Multifamily residential REITs are Bluerock’s favorite way to play this trend, Sosa said, adding that properties in the Sun Belt are especially attractive because of the region’s lower cost of living and plethora of jobs compared to cities in other parts of the country. Another catalyst for this subsector is that higher real wage growth should continue to support higher rent payments. 

Finally, Sosa said he’s excited about the life sciences real estate subsector — largely because of a significant supply-demand mismatch in the space.

Demand for new life-saving and -improving medications is as strong as ever, Sosa said, and job prospects in the biotechnology and pharmaceutical industries are strong. But building the laboratories that those companies use can be a challenge because of specific water, ventilation, and structural requirements, Sosa said, so labs tend to be concentrated in certain areas.

“You just can’t take your run-of-the-mill office complex and convert it into a biotech center,” Sosa said.

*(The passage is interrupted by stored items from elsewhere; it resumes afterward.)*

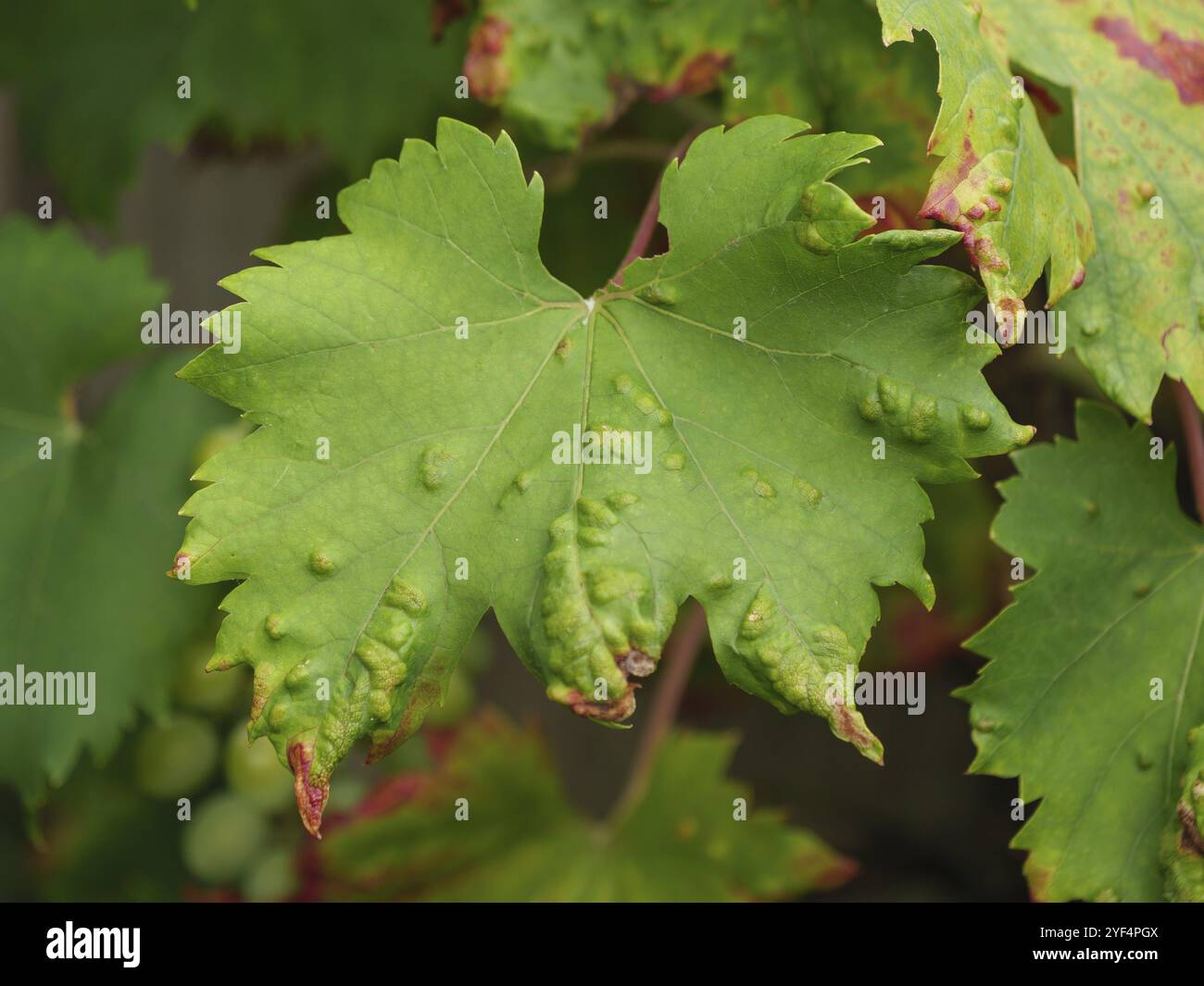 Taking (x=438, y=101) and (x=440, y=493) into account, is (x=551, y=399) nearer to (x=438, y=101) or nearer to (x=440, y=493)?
(x=440, y=493)

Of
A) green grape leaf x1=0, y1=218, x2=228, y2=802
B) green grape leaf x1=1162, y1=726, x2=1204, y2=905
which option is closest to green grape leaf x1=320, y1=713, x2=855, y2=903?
green grape leaf x1=0, y1=218, x2=228, y2=802

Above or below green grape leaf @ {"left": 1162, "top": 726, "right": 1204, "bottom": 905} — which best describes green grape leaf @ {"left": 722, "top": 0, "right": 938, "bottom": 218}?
above

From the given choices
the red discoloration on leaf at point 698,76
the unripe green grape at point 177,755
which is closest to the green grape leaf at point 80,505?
the unripe green grape at point 177,755

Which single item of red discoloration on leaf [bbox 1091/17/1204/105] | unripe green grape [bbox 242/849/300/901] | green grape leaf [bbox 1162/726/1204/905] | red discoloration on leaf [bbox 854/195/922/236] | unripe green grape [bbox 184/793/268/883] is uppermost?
red discoloration on leaf [bbox 1091/17/1204/105]

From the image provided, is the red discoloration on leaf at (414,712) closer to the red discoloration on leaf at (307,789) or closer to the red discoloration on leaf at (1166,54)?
the red discoloration on leaf at (307,789)

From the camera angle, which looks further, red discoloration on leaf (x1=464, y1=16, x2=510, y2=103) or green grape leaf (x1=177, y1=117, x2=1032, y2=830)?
red discoloration on leaf (x1=464, y1=16, x2=510, y2=103)

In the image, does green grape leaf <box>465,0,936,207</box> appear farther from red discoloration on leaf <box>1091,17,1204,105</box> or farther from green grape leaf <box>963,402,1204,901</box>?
green grape leaf <box>963,402,1204,901</box>

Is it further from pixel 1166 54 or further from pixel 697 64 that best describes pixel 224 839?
pixel 1166 54

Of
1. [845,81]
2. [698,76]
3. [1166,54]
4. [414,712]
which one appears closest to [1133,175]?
[1166,54] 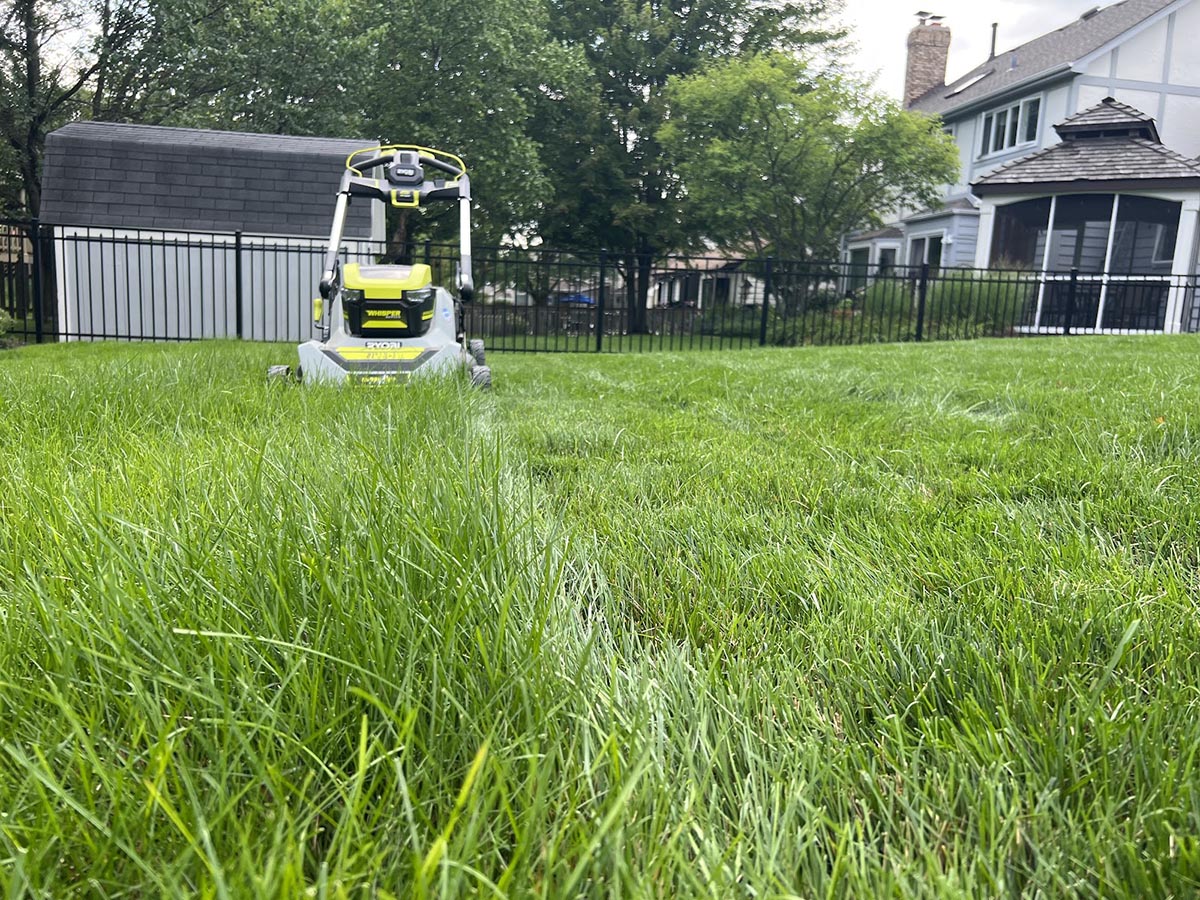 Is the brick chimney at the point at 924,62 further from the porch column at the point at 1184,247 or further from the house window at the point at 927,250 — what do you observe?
the porch column at the point at 1184,247

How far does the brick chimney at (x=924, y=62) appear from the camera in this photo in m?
32.1

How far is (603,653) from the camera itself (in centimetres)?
157

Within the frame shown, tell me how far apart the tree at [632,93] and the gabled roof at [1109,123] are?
7.95 metres

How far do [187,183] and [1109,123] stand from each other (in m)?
19.8

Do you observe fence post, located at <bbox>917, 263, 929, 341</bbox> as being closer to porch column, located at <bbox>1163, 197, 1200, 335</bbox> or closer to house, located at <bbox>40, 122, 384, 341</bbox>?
porch column, located at <bbox>1163, 197, 1200, 335</bbox>

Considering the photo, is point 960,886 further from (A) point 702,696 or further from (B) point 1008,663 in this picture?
(B) point 1008,663

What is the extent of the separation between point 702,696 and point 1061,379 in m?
5.31

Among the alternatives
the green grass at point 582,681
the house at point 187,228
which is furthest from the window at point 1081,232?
the green grass at point 582,681

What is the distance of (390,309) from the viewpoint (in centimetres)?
624

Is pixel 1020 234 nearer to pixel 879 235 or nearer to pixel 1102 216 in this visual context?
pixel 1102 216

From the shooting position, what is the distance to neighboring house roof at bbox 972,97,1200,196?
19.0 meters

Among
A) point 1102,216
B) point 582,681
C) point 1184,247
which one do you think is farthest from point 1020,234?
point 582,681

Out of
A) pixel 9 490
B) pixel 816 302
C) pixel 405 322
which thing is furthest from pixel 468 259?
pixel 816 302

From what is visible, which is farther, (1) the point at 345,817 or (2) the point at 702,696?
(2) the point at 702,696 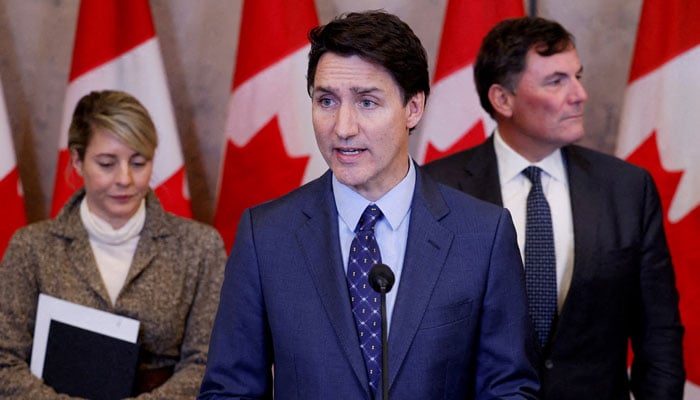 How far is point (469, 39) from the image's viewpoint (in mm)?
3551

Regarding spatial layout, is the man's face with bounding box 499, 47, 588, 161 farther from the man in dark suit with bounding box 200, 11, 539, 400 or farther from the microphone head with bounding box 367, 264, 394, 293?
the microphone head with bounding box 367, 264, 394, 293

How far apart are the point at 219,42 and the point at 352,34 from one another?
A: 220 centimetres

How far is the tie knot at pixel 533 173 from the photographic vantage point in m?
2.74

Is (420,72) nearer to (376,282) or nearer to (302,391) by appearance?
(376,282)

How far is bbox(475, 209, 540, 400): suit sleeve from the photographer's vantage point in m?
1.83

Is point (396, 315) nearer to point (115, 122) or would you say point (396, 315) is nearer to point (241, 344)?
point (241, 344)

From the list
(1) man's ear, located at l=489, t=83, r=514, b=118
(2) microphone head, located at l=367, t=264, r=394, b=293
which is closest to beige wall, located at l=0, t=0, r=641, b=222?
(1) man's ear, located at l=489, t=83, r=514, b=118

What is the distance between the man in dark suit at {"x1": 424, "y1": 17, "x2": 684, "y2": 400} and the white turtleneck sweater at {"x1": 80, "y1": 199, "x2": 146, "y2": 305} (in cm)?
87

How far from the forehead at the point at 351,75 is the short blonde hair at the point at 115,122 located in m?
1.13

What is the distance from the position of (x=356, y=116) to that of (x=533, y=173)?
41.5 inches

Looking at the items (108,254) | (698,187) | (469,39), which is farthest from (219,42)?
(698,187)

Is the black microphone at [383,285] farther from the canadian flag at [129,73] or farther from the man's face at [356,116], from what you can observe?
the canadian flag at [129,73]

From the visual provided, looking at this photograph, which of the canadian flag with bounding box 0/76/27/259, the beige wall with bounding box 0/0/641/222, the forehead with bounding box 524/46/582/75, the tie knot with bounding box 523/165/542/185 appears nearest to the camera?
the tie knot with bounding box 523/165/542/185

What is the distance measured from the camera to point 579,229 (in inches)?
104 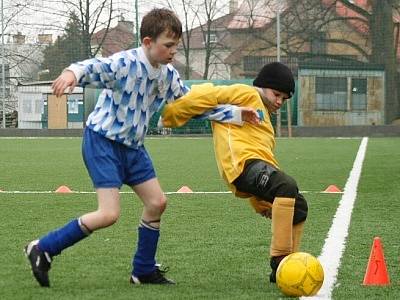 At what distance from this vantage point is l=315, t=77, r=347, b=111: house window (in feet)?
126

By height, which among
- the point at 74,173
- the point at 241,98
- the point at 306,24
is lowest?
the point at 74,173

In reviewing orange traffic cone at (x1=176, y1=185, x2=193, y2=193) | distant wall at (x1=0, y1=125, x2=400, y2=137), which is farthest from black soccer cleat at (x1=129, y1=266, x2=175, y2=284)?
distant wall at (x1=0, y1=125, x2=400, y2=137)

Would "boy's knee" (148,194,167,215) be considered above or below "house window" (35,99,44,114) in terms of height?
below

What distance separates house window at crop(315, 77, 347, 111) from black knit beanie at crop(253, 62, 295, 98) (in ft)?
107

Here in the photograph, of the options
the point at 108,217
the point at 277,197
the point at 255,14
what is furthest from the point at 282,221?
the point at 255,14

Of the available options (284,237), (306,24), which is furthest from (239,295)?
(306,24)

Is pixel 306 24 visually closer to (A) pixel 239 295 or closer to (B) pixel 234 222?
(B) pixel 234 222

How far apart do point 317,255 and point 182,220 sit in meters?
2.49

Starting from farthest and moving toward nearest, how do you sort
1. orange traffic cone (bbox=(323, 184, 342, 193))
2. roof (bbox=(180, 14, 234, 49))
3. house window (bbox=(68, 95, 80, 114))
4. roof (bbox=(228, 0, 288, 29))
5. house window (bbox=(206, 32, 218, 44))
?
house window (bbox=(206, 32, 218, 44)), roof (bbox=(180, 14, 234, 49)), roof (bbox=(228, 0, 288, 29)), house window (bbox=(68, 95, 80, 114)), orange traffic cone (bbox=(323, 184, 342, 193))

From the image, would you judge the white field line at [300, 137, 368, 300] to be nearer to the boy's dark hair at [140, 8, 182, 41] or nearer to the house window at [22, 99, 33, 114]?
the boy's dark hair at [140, 8, 182, 41]

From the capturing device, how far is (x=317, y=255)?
6359 millimetres

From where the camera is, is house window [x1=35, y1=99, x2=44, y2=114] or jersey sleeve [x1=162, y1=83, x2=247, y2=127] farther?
house window [x1=35, y1=99, x2=44, y2=114]

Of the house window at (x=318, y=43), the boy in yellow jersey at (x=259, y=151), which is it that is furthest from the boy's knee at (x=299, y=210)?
the house window at (x=318, y=43)

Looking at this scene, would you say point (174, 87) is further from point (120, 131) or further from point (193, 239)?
point (193, 239) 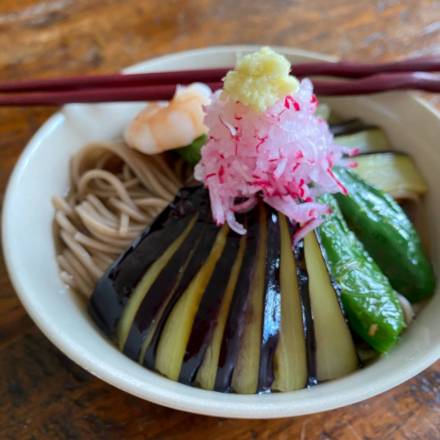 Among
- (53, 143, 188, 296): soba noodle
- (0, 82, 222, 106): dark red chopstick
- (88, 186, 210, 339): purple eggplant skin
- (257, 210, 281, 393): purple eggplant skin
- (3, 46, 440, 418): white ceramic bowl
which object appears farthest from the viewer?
(0, 82, 222, 106): dark red chopstick

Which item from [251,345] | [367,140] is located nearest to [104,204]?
[251,345]

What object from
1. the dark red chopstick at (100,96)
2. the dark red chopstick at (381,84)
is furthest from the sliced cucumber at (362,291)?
the dark red chopstick at (100,96)

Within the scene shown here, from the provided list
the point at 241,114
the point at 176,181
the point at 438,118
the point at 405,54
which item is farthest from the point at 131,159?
the point at 405,54

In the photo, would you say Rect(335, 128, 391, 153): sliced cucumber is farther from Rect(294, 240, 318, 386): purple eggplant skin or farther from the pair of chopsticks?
Rect(294, 240, 318, 386): purple eggplant skin

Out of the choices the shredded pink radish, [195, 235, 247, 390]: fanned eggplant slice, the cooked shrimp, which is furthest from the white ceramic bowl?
the shredded pink radish

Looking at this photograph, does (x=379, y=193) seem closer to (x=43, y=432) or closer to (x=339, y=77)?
(x=339, y=77)

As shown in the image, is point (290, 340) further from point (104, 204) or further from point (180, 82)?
point (180, 82) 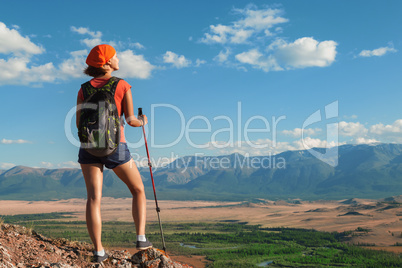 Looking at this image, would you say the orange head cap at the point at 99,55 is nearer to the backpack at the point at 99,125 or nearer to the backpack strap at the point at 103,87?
the backpack strap at the point at 103,87

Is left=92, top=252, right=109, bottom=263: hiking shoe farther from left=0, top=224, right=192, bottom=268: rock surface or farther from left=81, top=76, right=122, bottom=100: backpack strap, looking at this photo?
left=81, top=76, right=122, bottom=100: backpack strap

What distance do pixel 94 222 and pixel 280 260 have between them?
63.5 meters

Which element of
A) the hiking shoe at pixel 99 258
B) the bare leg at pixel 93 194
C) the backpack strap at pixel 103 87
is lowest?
the hiking shoe at pixel 99 258

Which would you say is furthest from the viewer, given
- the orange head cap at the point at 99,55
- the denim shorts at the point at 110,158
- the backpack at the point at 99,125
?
the orange head cap at the point at 99,55

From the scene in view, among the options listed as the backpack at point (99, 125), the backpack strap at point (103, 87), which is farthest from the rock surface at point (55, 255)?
the backpack strap at point (103, 87)

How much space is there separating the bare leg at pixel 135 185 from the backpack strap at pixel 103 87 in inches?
40.4

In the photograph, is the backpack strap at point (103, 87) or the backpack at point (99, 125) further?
the backpack strap at point (103, 87)

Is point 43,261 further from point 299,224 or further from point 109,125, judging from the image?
point 299,224

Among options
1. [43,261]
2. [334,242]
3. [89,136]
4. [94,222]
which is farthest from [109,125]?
[334,242]

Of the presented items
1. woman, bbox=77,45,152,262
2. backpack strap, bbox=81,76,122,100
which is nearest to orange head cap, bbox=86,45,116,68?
woman, bbox=77,45,152,262

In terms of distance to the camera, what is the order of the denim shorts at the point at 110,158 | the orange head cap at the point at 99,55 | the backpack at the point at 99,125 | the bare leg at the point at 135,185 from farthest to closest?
the orange head cap at the point at 99,55 < the bare leg at the point at 135,185 < the denim shorts at the point at 110,158 < the backpack at the point at 99,125

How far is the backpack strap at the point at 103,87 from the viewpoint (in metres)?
4.69

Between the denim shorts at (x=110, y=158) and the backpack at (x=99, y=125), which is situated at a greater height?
the backpack at (x=99, y=125)

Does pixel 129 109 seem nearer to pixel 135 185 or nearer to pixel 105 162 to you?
pixel 105 162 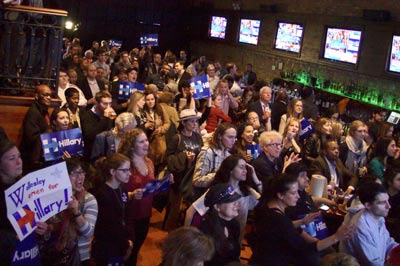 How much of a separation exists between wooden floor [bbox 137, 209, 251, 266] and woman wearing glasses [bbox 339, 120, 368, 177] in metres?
1.91

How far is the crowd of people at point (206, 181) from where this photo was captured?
389cm

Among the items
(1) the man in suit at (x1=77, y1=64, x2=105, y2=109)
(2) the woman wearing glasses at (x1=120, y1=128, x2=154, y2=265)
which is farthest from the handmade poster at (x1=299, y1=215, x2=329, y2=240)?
(1) the man in suit at (x1=77, y1=64, x2=105, y2=109)

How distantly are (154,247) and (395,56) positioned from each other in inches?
298

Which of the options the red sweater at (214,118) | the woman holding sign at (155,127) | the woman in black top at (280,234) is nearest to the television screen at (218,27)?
the red sweater at (214,118)

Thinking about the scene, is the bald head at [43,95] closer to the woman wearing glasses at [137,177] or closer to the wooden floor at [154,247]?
the woman wearing glasses at [137,177]

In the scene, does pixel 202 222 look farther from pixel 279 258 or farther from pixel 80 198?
pixel 80 198

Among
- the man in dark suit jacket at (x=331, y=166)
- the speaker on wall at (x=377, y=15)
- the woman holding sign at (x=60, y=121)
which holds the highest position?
the speaker on wall at (x=377, y=15)

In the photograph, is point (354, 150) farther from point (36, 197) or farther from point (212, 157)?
point (36, 197)

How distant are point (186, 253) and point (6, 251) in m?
1.21

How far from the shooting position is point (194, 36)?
2195cm

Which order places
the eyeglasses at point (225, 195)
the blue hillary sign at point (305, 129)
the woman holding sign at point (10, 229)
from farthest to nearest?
the blue hillary sign at point (305, 129) < the eyeglasses at point (225, 195) < the woman holding sign at point (10, 229)

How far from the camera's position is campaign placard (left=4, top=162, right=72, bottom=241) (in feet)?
11.2

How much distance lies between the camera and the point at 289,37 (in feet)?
50.1

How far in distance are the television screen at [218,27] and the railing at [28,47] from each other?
13.4m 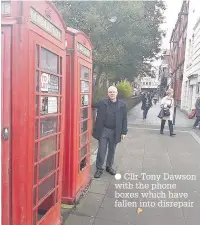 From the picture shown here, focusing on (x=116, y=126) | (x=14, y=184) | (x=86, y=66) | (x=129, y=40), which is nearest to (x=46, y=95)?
(x=14, y=184)

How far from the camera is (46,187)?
3037 mm

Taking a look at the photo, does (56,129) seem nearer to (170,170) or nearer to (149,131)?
(170,170)

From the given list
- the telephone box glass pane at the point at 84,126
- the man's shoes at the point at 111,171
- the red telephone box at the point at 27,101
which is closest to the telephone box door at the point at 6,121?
the red telephone box at the point at 27,101

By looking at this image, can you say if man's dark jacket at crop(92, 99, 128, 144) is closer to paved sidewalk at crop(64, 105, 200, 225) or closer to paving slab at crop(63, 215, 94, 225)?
paved sidewalk at crop(64, 105, 200, 225)

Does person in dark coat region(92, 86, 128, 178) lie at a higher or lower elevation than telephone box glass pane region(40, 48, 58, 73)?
lower

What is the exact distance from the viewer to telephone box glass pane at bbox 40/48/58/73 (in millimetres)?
2636

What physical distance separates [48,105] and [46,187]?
95cm

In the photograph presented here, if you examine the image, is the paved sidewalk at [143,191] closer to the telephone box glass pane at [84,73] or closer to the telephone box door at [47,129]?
the telephone box door at [47,129]

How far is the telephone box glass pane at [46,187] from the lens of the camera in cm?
288

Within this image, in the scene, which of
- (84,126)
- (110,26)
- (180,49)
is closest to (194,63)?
(110,26)

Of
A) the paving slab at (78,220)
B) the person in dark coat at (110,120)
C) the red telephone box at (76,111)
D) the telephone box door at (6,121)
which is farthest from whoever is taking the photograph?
the person in dark coat at (110,120)

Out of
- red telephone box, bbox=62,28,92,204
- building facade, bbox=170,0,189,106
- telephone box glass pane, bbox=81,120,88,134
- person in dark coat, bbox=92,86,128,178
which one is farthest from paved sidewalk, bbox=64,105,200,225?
building facade, bbox=170,0,189,106

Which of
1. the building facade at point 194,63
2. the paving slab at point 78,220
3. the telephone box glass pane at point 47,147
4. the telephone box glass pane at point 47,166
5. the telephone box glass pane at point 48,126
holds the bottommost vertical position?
the paving slab at point 78,220

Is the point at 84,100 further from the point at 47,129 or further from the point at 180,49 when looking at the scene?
the point at 180,49
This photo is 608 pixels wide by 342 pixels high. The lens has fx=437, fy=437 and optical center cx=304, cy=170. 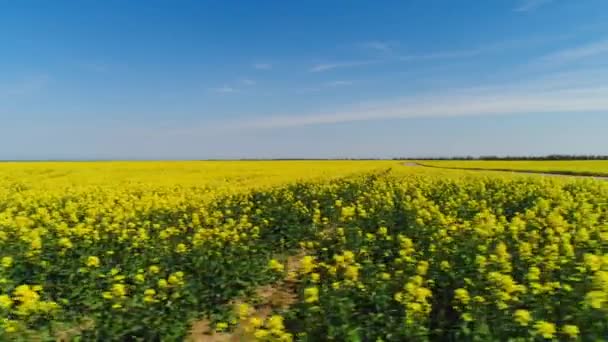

The strategist continued: “These types of very specific constraints limit the real estate developers that can construct or convert a life sciences complex for a life sciences tenant. And so this — and just the strong demand that we’re seeing for novel therapeutics — really gives developers and real estate owners the upper hand in the life science sector.”

Investors aiming to get exposure to those three real estate subsectors can either invest in the Bluerock Total Income + Real Estate Fund, which focuses on private markets, or target shares of REITs, or ETFs composed of REITs, in those industries. Note that the following list of ETFs and stocks was compiled by Insider and is not an investing recommendation from Sosa.

For focused exposure to the industrial subsector of real estate, investors can consider the Pacer Benchmark Industrial Real Estate SCTR ETF (INDS). A top way to get direct exposure to the residential real estate subsector is the iShares Residential and Multisector Real Estate ETF (REZ). And a


REIT

that’s as well connected as any to the lifesciences subsector of real estate is Alexandria Real Estate Equities (ARE).